A Circuit Court judge on Thursday rejected motions from several Colony Beach & Tennis Resort unit owners to dismiss a legal proceeding by Unicorp Colony Units LLC to dissolve the former resort’s condominium association.
Rejecting motions to dismiss filed by unit owners Andy Brown, Dotty Adams, Sheldon and Carol Rabin, Yeno Mon and New Colony LLC, Judge Hunter W. Carroll gave all parties 15 days to file an answer to the complaint. According to state documents, the registered agent for Unicorp Colony Units LLC is Amy M. Barnard, Unicorp National Developments' director of legal affairs.
Carroll wrote in his order that the defendants based their argument on “various theories that plaintiff’s operative complaint was defective.’’ One hour case management hearings were also scheduled for the first Thursday of each month, going forward from Feb. 7 to deal with other motions and case developments. A trial date has not been set.
"We are extremely pleased with the judge's response,'' Unicorp president Chuck Whittall said Friday. "He is moving the termination board and said he would do it in an expeditious manner. This means we might possibly be under construction at the end of the year.''
The decision in the 12th Judicial Circuit was crucial for the furtherance of Unicorp’s plan to gain control of the former resort units. Along with the property’s land and former recreational facilities, which the company controls, the ownership rights of all 237 units must end up on Unicorp’s side of the ledger before progress can be made in developing the proposed St. Regis Hotel and Residences, development of which was approved by the Longboat Town Commission in early 2018.
Ordinarily, those rights would turn on a vote of unit ownership. But for years, Unicorp has struggled to overcome a statistical hurdle. To avoid the courts, Whittall would have needed 95% of the 237 Colony unit owners to agree voluntarily to dissolve the Colony Beach & Tennis Association (the unit owners’ condo association). Between owned outright by Unicorp Colony Units LLC and owners agreeing to sell – but not yet doing so – Whittall is short of that percentage.

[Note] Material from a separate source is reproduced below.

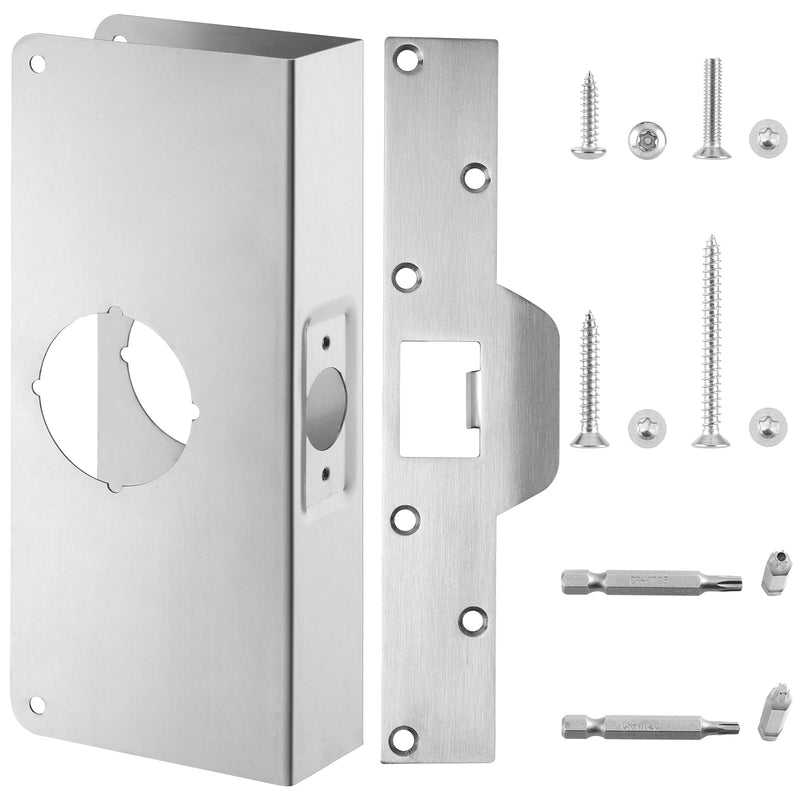 U 9551 Stainless Steel Lock and Door Reinforcement Plate fits 1-3/4"Thick Doors and Includes the U 9476 Security Latch Strike (1-1/4 "x 7-7/8"). Stainless Steel Finish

Colony Beach Investors LLC, for which unit owner Andy Adams is listed as an authorized manager, owns at least 63 units, according to Sarasota County property records. Adams, who also owns individual units personally and with his wife, Dotty, has refused to sell to Unicorp.

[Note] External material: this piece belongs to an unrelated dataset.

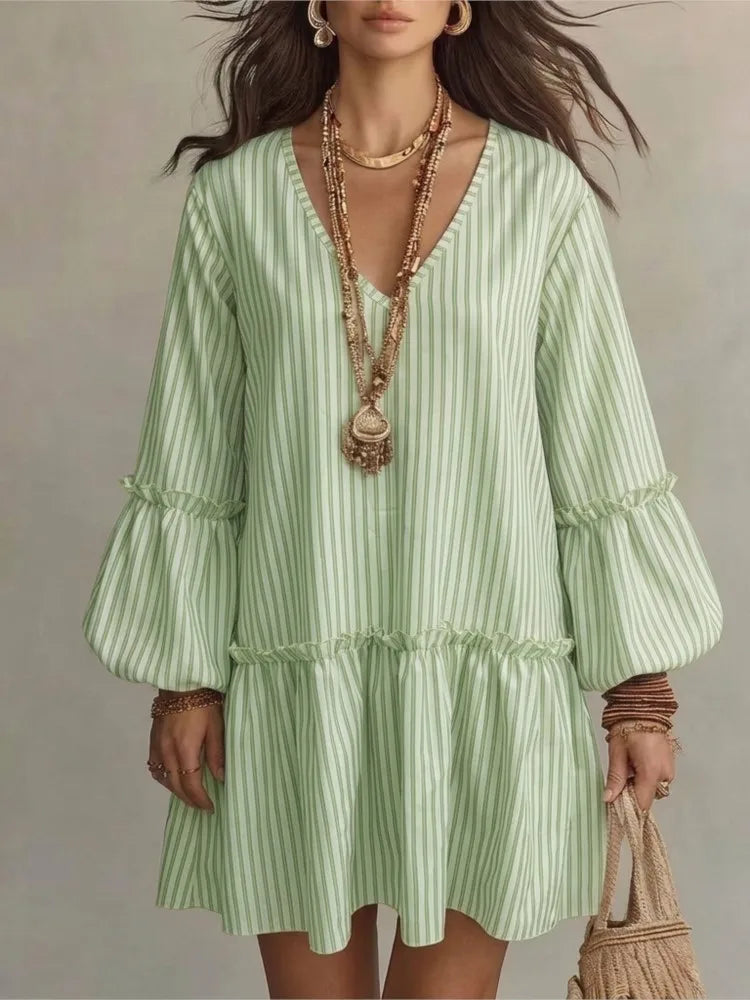 Abito mini a righe da donna con scollo a V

Under the judicial process, state law allows for one unit owner to seek judicial relief when the property has fallen into disrepair and is not repaired in a reasonable time. Whittall filed such a claim in January, 2018, asking the court to terminate the association; approve Whittall’s termination plan (his town-approved development plan); and approve the sale of the 237 Colony units to Unicorp. In his court filing, Whittall claimed the property was in such disrepair that it could no longer function. Over the summer, the town of Longboat Key ordered the property's demolition, based on a notion of public nuisance that survived court challenges.

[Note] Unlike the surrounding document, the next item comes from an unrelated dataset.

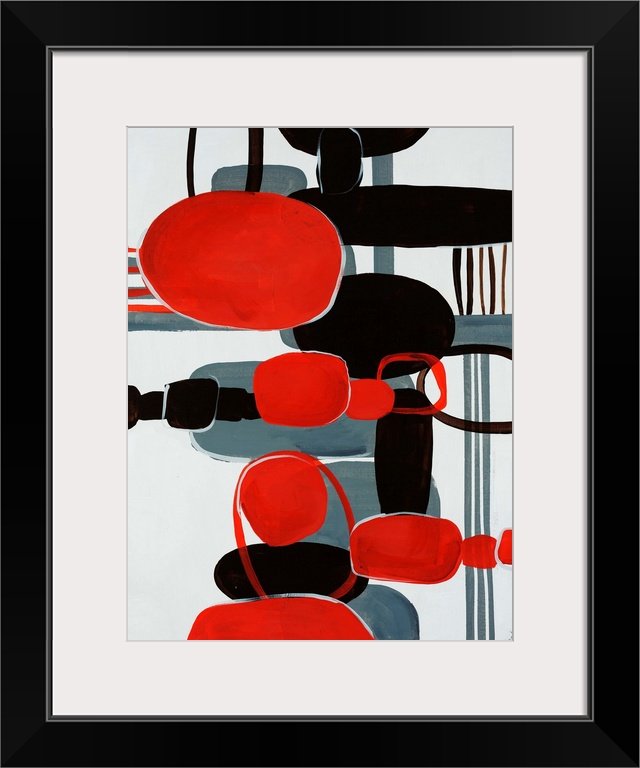 Modern painting of geometric shapes and lines reminiscent of mid century modern styles.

The last of the buildings -- the iconic oceanfront midrise building -- was torn down in late November.
With Thursday’s court decision, Whittall's legal process can proceed.
Before Unicorp can apply to the town for building permits, the company must have complete control of the property at 1620 Gulf of Mexico Drive. In July, Unicorp National Developments Inc. was successful in consolidating ownership of the recreational property of the former resort at a partition sale in Tampa federal courtroom.
Unicorp's bid of $29.51 million for the disputed 2.3 acres was successful in the all-or-nothing deal. Because the Orlando company already owned 95% of the property, the company paid investor and Colony unit owner Adams for his 5%, or $1.4755 million.